Pramono, pemilik UD Pramono Boyolali, memilih menutup usahanya karena ketidakmampuannya untuk melunasi tanggungan pajak. Pramono, yang selama ini menjadi pengepul susu sapi di Desa Singosari, Boyolali, mengaku pasrah menghadapi situasi tersebut. Akibat pembekuan rekeningnya oleh kantor pajak, uang sebesar Rp 670 juta yang ada di rekening BUMN tak bisa dicairkan, meskipun sebagian dari dana tersebut merupakan hasil penjualan susu dari 1.300 peternak sapi perah yang menjadi mitranya.

Pramono dikenal konsisten membeli susu dari peternak dengan harga tinggi, bahkan mau menampung susu dari sapi yang sakit meskipun harus dibuang. Dia juga memberikan kredit tanpa bunga untuk membantu para peternak. Kini, dengan usaha yang ditutup, para peternak terancam kehilangan akses penjualan dan kemudahan-kemudahan yang selama ini diberikan oleh Pramono.

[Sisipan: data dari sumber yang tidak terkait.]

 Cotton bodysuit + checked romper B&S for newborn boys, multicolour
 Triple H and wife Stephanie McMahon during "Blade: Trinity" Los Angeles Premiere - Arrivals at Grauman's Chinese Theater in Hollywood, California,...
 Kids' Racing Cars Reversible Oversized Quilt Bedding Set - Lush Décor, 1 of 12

Permasalahan pajak yang dihadapi Pramono bermula pada 2020, ketika kantor pajak memberikan tagihan atas pajak tahun 2018 yang awalnya mencapai Rp 2 miliar. Setelah berbagai negosiasi, Pramono sempat membayar Rp 200 juta pada tahun itu, namun pada 2024, kantor pajak kembali menagihnya untuk membayar Rp 110 juta sebagai penyelesaian. Meskipun Pramono menghargai usaha kantor pajak dalam mencari solusi, beban yang telah ia tanggung selama beberapa tahun terakhir membuatnya merasa sudah tak mampu melanjutkan usahanya lagi.

Harapan Solusi Progresif dari Pemerintah dan Otoritas Pajak

Ketua Umum Gerakan Peduli Tani Nelayan, Harmanto, mengungkapkan keprihatinannya atas situasi yang dialami oleh Pramono, pemilik UD Pramono Boyolali, dan menekankan pentingnya dukungan dan kebijakan yang responsif terhadap pelaku usaha di sektor agrikultur yang menjadi jantung ketahanan pangan masyarakat.

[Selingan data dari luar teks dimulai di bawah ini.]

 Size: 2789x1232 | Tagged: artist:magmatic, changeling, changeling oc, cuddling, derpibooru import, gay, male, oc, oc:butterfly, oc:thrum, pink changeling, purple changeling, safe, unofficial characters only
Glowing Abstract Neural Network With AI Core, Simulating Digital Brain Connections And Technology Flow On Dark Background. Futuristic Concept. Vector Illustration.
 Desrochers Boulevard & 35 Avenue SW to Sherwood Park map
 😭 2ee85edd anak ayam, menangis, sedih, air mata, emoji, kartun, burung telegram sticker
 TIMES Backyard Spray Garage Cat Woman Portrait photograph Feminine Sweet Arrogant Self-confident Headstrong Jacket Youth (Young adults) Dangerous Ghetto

Harmanto berharap pemerintah dan otoritas pajak dapat memberikan solusi progresif, misalnya melalui program penghapusan denda atau restrukturisasi pembayaran pajak, bagi para pelaku usaha kecil seperti Pramono yang sudah berkontribusi besar terhadap kesejahteraan peternak.

“Kasus Pramono mengingatkan kita akan pentingnya kebijakan fiskal yang tidak hanya mencari penerimaan negara, tetapi juga mendukung keberlanjutan usaha lokal dan stabilitas pangan. Kami berharap pemerintah segera meninjau ulang dan menghadirkan kebijakan yang lebih bijaksana untuk mendukung usaha rakyat ini,” tutup Harmanto.